Google Details Processes but Not Data in Response to Department of Labor Accusations Over Equal Pay (Apr 11, 2017)
Last week, the Department of Labor accused Google of violating equal pay laws, in the context of an investigation into compliance as a result of Google’s work as a federal contractor. Google pushed back hard against those allegations immediately, but has now released a more detailed statement through its blog. That statement outlines the processes Google has in place to ensure fair pay, through the use of salary setting processes in which analysts calculating compensation packages don’t know the gender of the person for whom they are setting the salary, and other mechanisms to ensure fairness. What Google doesn’t do in this post is say what the current ratio of male to female pay is at the company, or share any other numbers to back up its claims, which is a bit surprising. The DoL claims to have found massive disparities in pay and systemic bias against women, so one would have thought the simplest way to rebut those accusations would be sharing some data, which Google hasn’t done publicly (though presumably feels it has done as part of the investigation). The DoL, meanwhile, continues to seek more data which Google refuses to provide, hence the lawsuit. As I said last week, given the issues over diversity and equal pay in the tech industry generally, it wouldn’t be enormously surprising to find that Google exhibited some of the same problems, but if evidence of significant issues does emerge, it would be more damaging to a company of its size than a smaller one with less of a reputation to maintain. So far, though, neither side is releasing data that would allow independent observers to draw their own conclusions.

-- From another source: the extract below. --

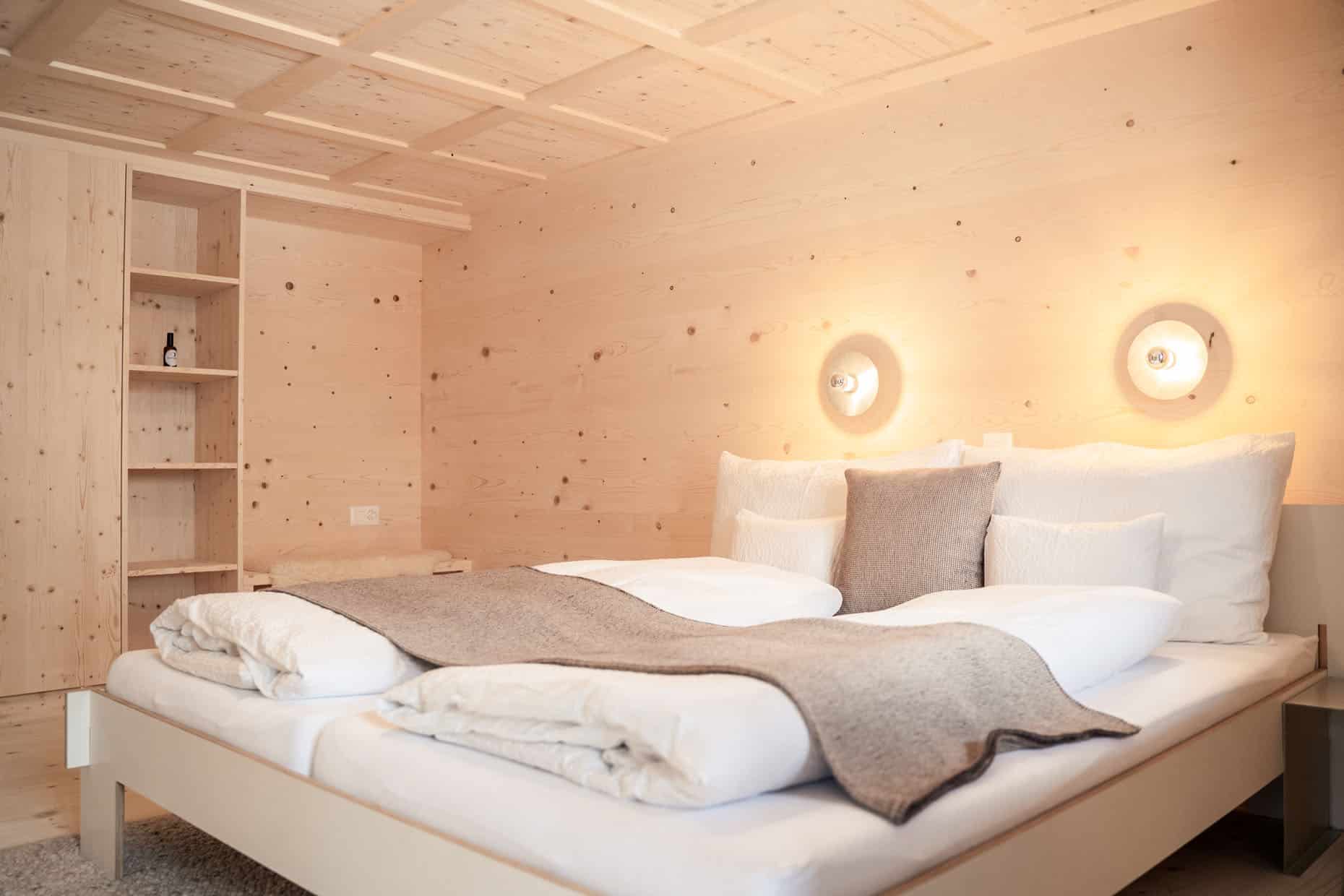 Lenk Lodge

In tech, the wage gender gap worsens for women over time, and it’s worst for black women – TechCrunch (Apr 5, 2017)
I covered a similar story a while back, but this one has more detail, and focuses more on gender in addition to racial disparities in tech salaries. It turns out that being a member both of an underrepresented gender and race increases your odds of being underpaid significantly, such that black and Latina women earn 79 cents for every dollar equivalently qualified men do. In part, as with that earlier study, this is because women often ask for lower salaries than men, though apparently only after their first few years in a career (in their first four years, they actually tend to ask for more). That, in turn, may reflect both conditioning in terms of what to expect and lower previous salaries. Regardless of the reasons, this is yet another sign of systemic problems in the tech industry when it comes to hiring women and racial minorities and paying them at the same rates as white men.